> _ASSIGNMENT_: Using the data below, reproduce exactly the lines from the line with "Magnolia Bee &" to the line with "dom wolnostojący, 5", both included; pictures must be dropped.

> _INFORMATION GIVEN_:
----

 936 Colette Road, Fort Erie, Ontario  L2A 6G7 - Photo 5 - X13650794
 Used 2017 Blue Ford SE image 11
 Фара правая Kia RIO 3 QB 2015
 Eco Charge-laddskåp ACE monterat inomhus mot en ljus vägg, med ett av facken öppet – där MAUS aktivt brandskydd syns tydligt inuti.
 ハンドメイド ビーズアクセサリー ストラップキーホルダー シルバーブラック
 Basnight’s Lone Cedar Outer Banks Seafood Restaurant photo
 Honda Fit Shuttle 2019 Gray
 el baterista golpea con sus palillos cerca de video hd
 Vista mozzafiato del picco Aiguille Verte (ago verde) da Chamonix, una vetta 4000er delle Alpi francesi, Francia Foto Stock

----

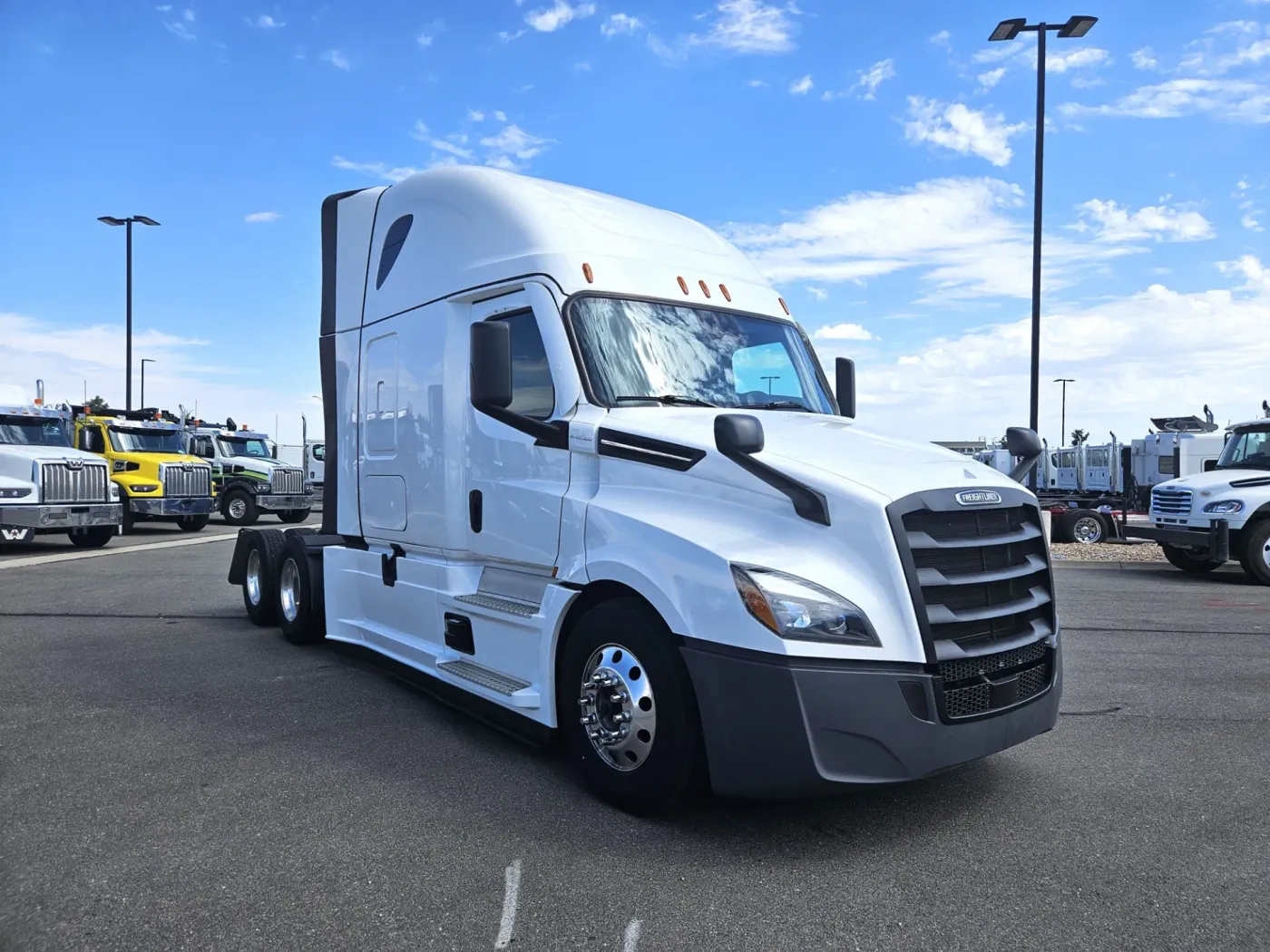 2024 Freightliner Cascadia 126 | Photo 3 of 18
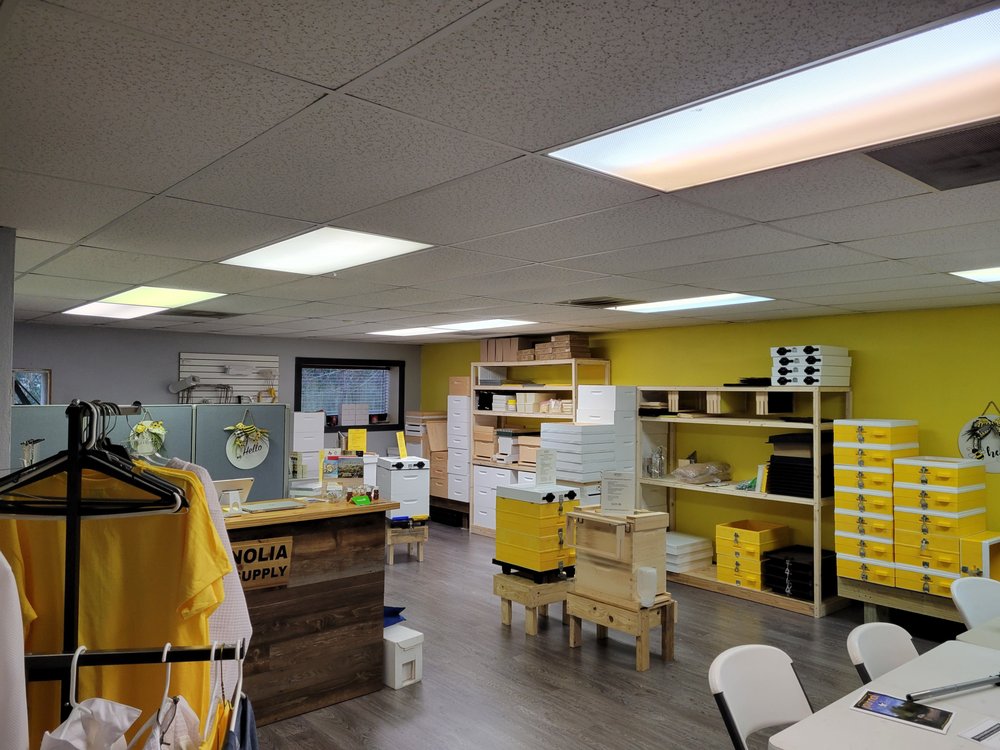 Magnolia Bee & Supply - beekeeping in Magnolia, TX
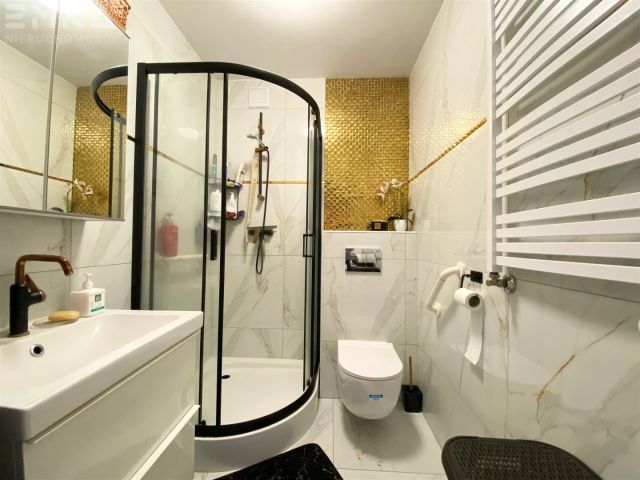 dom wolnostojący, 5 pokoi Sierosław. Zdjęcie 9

----

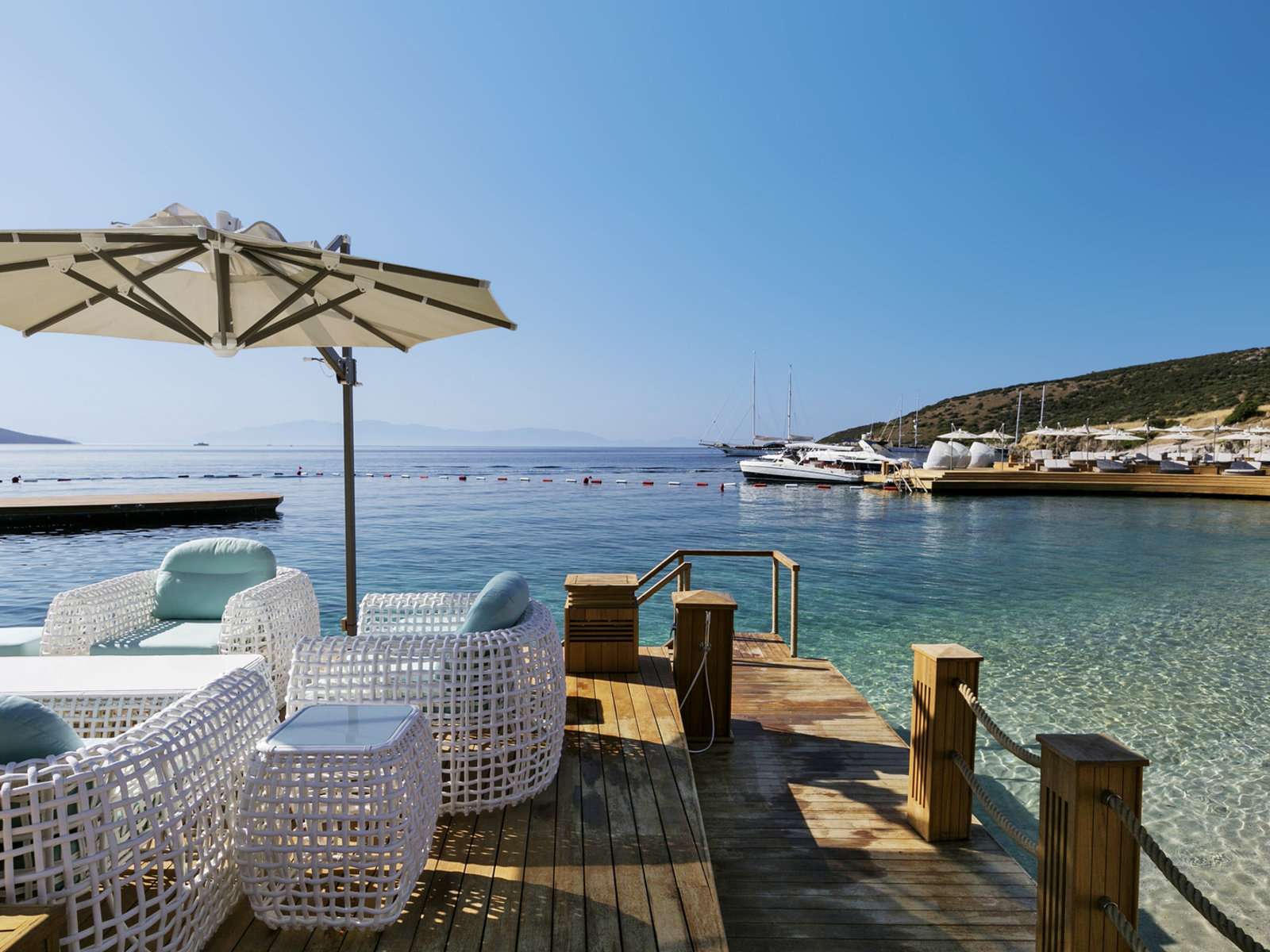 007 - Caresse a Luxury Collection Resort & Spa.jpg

----

> _SOLUTION TO THIS EXERCISE_:
 Magnolia Bee & Supply - beekeeping in Magnolia, TX
 dom wolnostojący, 5 pokoi Sierosław. Zdjęcie 9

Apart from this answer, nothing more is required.